### What the task requires
Take the entries below and write them out exactly, with each picture removed.

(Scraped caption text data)
***
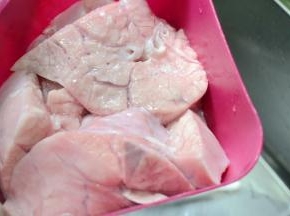 看，清洗好的猪肺颜色看着也有光泽感了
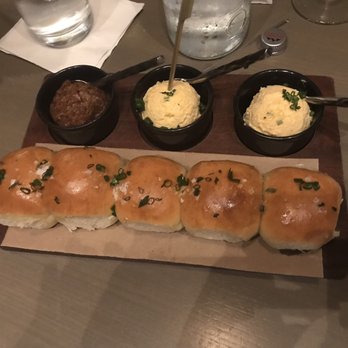 Ale & Compass Restaurant - Parker house rolls with pub cheese and bacon jam. - American Near Me - Orlando, Florida Ale & Compass Restaurant - Parker house rolls with pub cheese and bacon jam. - American Near Me - Orlando, Florida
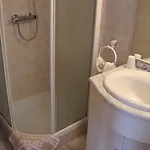 Au Petit Languedoc Hotel 2*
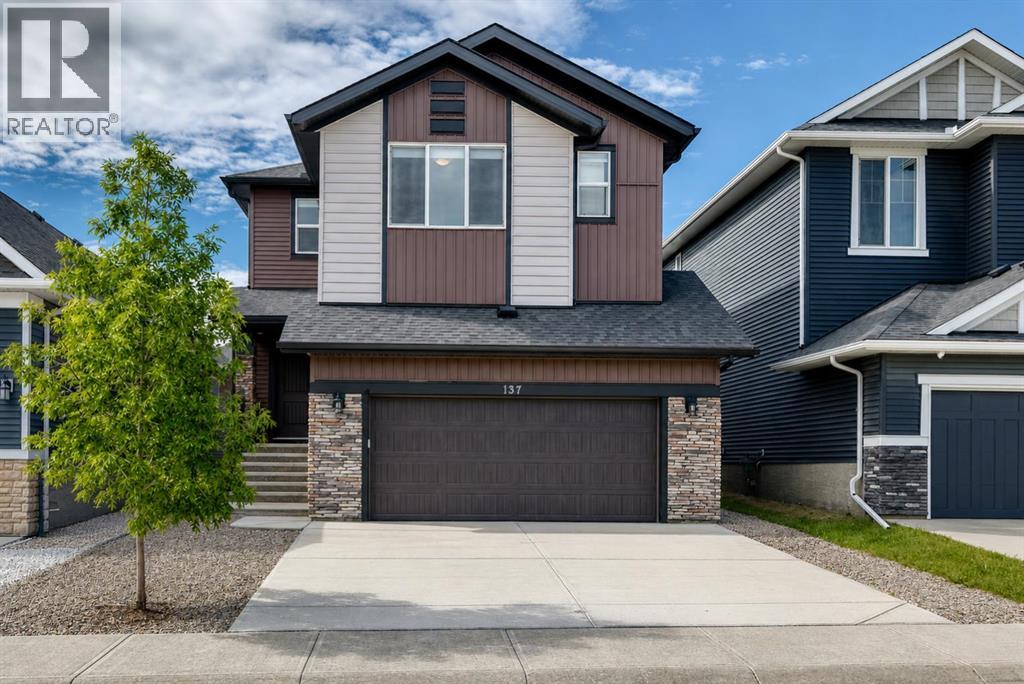 137 Creekside Way SW - 1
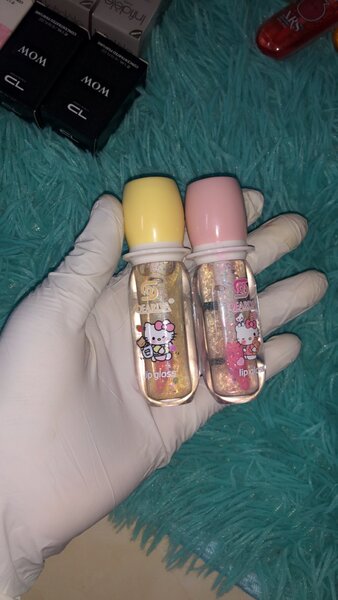 Brillant à lèvres mignon Hello Kitty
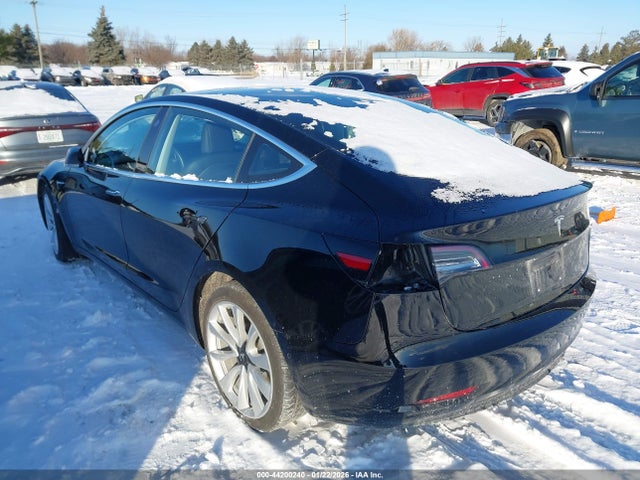 2018 TESLA MODEL 3 5YJ3E1EA6JF077061 Photo 2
***
### Exercise result
 看，清洗好的猪肺颜色看着也有光泽感了
 Ale & Compass Restaurant - Parker house rolls with pub cheese and bacon jam. - American Near Me - Orlando, Florida Ale & Compass Restaurant - Parker house rolls with pub cheese and bacon jam. - American Near Me - Orlando, Florida
 Au Petit Languedoc Hotel 2*
 137 Creekside Way SW - 1
 Brillant à lèvres mignon Hello Kitty
 2018 TESLA MODEL 3 5YJ3E1EA6JF077061 Photo 2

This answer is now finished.